A typical Greek fishing boat.

Dinner at Yiantes (Γιάντες)

I’m in Athens, and last Sunday I went out to dinner with some friends. Because of COVID-19 concerns, and because I’m vulnerable despite being vaccinated, we opted for an establishment that would accept reservations (not all Greek establishments do), and preferably with excellent ventilation. And Yiantes (the ‘Y’ is read as the Greek letter ‘Γ’) fits the bill. They accept reservations and—in the summer—they’ve got an open roof. Perfect!

For some reason we couldn’t get a cab by calling the taxiservice. Too busy. So we tried our luck by going to a nearby busy street instead. There we also had quite some difficulty hailing a cab. Apparently it’s a Sunday thing. So for anyone traveling to Athens, make sure to arrange a cab well in advance on Sundays. Anyway, we finally found a cab and it dropped us off near Valtetsiou, the street where Yiantes is located. We sit down and order.

We have a quick glance at the menu, but need more time to order. First some drinks. The ladies get a carafe of house white wine. It was decent, no more, no less. I ordered some beer. They have a fairly extensive selection for Greek standards, even offering Belgian beers like Duvel and Chimay. They were out of Duvel, so I ordered a Chimay Blue trappist beer. It was brought to me quite strongly chilled, which is not the correct temperature for this type of beer. But this is a Greek thing: beers are typically served at freezing point. And it all comes from the same fridge after all. It’s no big deal, I just let it warm up a bit.

We have a brief discussion about what everyone wants. Greeks share food, so this is a necessary ritual. One in our company is vegetarian, but this is no problem: many of the dishes in this establishment are vegetarian or vegan. A plus, in my opinion. Time to order.

Cheese croquettes

First item we order: Spinach-rocket salad with sesame oil, pickled pear, raisins, dried tomatoes and “manouri” cream cheese. This place is known for serving dishes with a ‘twist’, so we still didn’t feel like getting the “standard” Greek salad (Xoriatiki). And truth be told, no regrets. This salad was very nice.

Spinach-rocket salad

Then we continue ordering. The fava (φάβα in Greek), made with yellow split peas, is always a good choice and the only vegan dish we tried. Here it was decent, certainly tasty but not the best I’ve had. Somehow a bit bland, and not quite creamy enough. Maybe not enough onions? Fava without onions is nothing, after all.

Organic fava

We order two more dishes. The wonderful cheese croquettes with sweet caramelized onions (see first image), that ended up being my favorite that evening, and the eggplants with fresh coriander, some caramelized cherry tomatoes and buttered feta cheese.

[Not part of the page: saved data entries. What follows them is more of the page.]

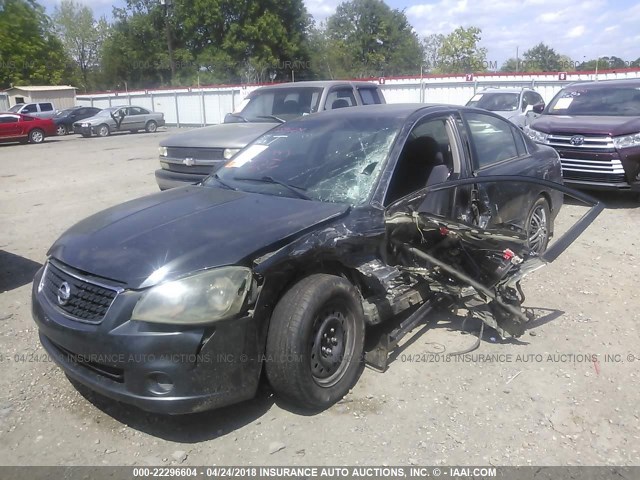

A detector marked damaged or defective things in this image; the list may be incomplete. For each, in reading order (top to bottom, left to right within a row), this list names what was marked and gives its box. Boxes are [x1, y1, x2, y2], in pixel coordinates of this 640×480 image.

shattered windshield [231, 87, 324, 123]
shattered windshield [464, 92, 520, 111]
shattered windshield [544, 86, 640, 116]
crumpled hood [159, 122, 276, 148]
broken headlight assembly [524, 125, 548, 144]
crumpled hood [528, 116, 640, 137]
broken headlight assembly [608, 132, 640, 149]
shattered windshield [208, 115, 402, 204]
crumpled hood [48, 186, 350, 286]
wrecked black sedan [31, 107, 600, 414]
damaged passenger door [384, 178, 604, 340]
broken headlight assembly [132, 266, 252, 326]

It’s always a bit risky changing a tried-and-true recipe, but the dishes that featured ‘twists’ on classic Greek cuisine did work quite well.

Eggplants

While I don’t have a picture of it, I also had the marinated pork chops with potatoes and beef sauce. The pork chops (basically grilled ‘pancetta’) were very nice: thin slices with a light crunch and tasty Maillard reaction. But the sauce was too sweet to my liking. Trying the French style a bit I suspect, part of the whole ‘traditional Greek food with a twist’ theme, but I think in this case it requires a more ‘gamey’ meat. I would have preferred something lighter, to balance the rich sweetness of the fatty charred pork, and also a bit more garlic, but this is my personal preference. So don’t get me wrong, I’m not saying it was bad and I would also understand if many people liked it just as it is now.

I loved the open roof and the ambiance, and the food was decent enough. Not too expensive, prices ranged from around 5 euros to just shy of 8 euros for the vegetarian dishes. Pork chops were around 10 euros. Would definitely recommend and come again!